Miguel eventually overpowers El Tigre and takes Valentina away, but then attempts to force himself on her. She is rescued before he can do so. The two rivals later meet at a celebration organised by Don Laureano and fight a prolonged duel involving horses, pistols, machetes and lassos, which El Tigre wins.

Valentina returns to her parents, who forgive El Tigre after learning how he treated her. Valentina acknowledges that she has fallen in love with him, while El Tigre and Miguel reconcile. The revolutionaries lay down their weapons and return to agricultural work.

==Cast==
The credited and supporting cast includes the following performers:

- Jorge Negrete as El Tigre
- Esperanza Baur as Valentina
- Raúl de Anda as Miguel
- Paco Astol as Celedonio
- Pepe Martínez as Hilario
- Paco Martínez as Don Laureano
- Alfredo Varela Sr. as Don Fructuoso
- Elisa Christy as Lucía
- Sofía Haller
- Consuelo Segarra
- David Valle González
- Roberto Y. Palacios
== Production and release ==
Lucenay adapted a story by Ángel Rabanal and Antonio Martínez Cuetara. Roberto Gavaldón served as assistant director, while Jack Draper was responsible for the cinematography.

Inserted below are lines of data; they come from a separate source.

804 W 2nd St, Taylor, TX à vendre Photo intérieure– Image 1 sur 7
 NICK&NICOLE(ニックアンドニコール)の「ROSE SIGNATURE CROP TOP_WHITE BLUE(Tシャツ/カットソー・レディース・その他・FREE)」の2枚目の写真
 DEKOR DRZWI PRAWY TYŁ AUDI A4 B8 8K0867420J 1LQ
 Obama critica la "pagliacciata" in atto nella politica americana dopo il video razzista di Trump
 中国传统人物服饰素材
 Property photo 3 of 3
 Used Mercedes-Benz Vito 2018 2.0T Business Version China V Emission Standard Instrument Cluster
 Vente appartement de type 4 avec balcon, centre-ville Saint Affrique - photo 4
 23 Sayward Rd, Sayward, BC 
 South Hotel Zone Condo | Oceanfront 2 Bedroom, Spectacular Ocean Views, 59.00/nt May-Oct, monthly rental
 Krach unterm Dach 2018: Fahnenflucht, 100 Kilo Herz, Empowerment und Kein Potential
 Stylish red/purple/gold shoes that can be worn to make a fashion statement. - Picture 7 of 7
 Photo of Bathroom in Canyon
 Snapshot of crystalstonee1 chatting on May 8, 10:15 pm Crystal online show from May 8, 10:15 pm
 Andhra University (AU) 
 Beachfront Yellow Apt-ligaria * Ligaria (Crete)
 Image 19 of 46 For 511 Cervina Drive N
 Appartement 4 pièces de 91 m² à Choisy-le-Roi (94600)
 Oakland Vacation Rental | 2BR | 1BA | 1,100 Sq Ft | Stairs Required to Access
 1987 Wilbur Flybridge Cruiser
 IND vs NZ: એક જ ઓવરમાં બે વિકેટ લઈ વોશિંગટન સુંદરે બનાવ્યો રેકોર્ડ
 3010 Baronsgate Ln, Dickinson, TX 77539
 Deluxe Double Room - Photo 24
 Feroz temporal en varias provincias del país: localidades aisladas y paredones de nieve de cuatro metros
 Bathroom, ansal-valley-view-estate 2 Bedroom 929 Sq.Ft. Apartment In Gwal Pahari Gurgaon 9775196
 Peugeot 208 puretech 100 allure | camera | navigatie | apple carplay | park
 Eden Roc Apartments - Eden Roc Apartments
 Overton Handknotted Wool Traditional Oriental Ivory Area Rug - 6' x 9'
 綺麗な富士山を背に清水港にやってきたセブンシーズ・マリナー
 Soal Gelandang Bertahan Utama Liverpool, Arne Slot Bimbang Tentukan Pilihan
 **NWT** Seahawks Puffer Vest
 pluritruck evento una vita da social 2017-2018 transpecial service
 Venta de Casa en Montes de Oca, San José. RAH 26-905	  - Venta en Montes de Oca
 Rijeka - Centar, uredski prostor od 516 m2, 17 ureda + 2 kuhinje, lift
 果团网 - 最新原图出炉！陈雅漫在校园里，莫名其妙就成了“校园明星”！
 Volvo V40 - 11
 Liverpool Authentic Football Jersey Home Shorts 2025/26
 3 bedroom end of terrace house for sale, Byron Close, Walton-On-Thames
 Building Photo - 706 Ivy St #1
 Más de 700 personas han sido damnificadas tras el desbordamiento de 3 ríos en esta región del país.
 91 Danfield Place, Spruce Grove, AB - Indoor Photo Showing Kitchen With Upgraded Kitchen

The score was composed by Max Urban, and the 75-minute black-and-white film was produced by Atlántida Films.

Production began in February 1938. The film premiered at the Cine Encanto in Mexico City on 3 August 1938.

== Reception and analysis ==
In a contemporary review published in the magazine Hoy, Mexican writer and critic Xavier Villaurrutia considered La Valentina inferior to other films of its genre. He criticised its thin narrative, limited characterisation and abrupt changes in the behaviour of its principal characters. Villaurrutia also argued that the filmmakers had failed to make effective dramatic use of the Revolutionary setting.

Film historian Hugo Lara Chávez later described the Revolution as serving primarily as a backdrop for the film's presentation of charro and rural folklore. He placed the film within the conventions of the comedia ranchera that had developed following the success of Allá en el Rancho Grande in 1936. Lara Chávez also interpreted the conclusion, in which the opposing sides reconcile and return to farming, as a restoration of the existing social order rather than a depiction of revolutionary change.